TASK INSTRUCTIONS
Using the data that follows, return exactly the lines from the one that contains "Palm Angels Bear Canvas Shopping Bag" through the one that contains "LUXE By Dr Haris", ends included.

RECORDS FOR THIS TASK

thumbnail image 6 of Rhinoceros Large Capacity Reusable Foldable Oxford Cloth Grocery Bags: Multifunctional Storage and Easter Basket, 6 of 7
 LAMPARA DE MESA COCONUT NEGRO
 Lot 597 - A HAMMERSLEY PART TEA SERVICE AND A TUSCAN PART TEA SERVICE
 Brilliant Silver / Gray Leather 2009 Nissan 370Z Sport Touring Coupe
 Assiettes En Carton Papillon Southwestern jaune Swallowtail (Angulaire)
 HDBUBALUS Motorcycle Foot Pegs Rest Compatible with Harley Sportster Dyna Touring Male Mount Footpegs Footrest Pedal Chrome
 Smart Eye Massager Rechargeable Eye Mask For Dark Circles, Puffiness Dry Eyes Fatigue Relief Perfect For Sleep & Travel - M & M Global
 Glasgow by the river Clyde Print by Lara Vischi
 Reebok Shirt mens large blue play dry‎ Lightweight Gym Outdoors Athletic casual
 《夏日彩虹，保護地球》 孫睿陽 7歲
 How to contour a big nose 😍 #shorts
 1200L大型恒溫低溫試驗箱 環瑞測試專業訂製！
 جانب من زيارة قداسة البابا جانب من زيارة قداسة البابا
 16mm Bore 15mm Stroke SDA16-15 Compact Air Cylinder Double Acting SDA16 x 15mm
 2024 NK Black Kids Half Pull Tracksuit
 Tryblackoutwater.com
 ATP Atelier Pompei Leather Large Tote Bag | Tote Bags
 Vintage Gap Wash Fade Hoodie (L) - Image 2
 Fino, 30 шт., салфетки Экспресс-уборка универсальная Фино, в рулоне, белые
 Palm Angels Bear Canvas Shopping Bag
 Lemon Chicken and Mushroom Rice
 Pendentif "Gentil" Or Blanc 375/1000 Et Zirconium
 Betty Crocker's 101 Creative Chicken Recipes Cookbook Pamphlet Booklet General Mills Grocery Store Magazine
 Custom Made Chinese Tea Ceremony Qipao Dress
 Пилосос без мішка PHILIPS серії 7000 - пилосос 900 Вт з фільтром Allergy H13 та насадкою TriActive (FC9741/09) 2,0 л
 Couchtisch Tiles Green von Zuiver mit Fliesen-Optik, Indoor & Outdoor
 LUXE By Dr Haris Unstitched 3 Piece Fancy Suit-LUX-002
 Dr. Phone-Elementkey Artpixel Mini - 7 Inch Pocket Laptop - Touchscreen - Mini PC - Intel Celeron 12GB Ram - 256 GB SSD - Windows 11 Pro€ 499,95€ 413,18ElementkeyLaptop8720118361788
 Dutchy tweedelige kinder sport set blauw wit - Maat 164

YOUR RESPONSE
 Palm Angels Bear Canvas Shopping Bag
 Lemon Chicken and Mushroom Rice
 Pendentif "Gentil" Or Blanc 375/1000 Et Zirconium
 Betty Crocker's 101 Creative Chicken Recipes Cookbook Pamphlet Booklet General Mills Grocery Store Magazine
 Custom Made Chinese Tea Ceremony Qipao Dress
 Пилосос без мішка PHILIPS серії 7000 - пилосос 900 Вт з фільтром Allergy H13 та насадкою TriActive (FC9741/09) 2,0 л
 Couchtisch Tiles Green von Zuiver mit Fliesen-Optik, Indoor & Outdoor
 LUXE By Dr Haris Unstitched 3 Piece Fancy Suit-LUX-002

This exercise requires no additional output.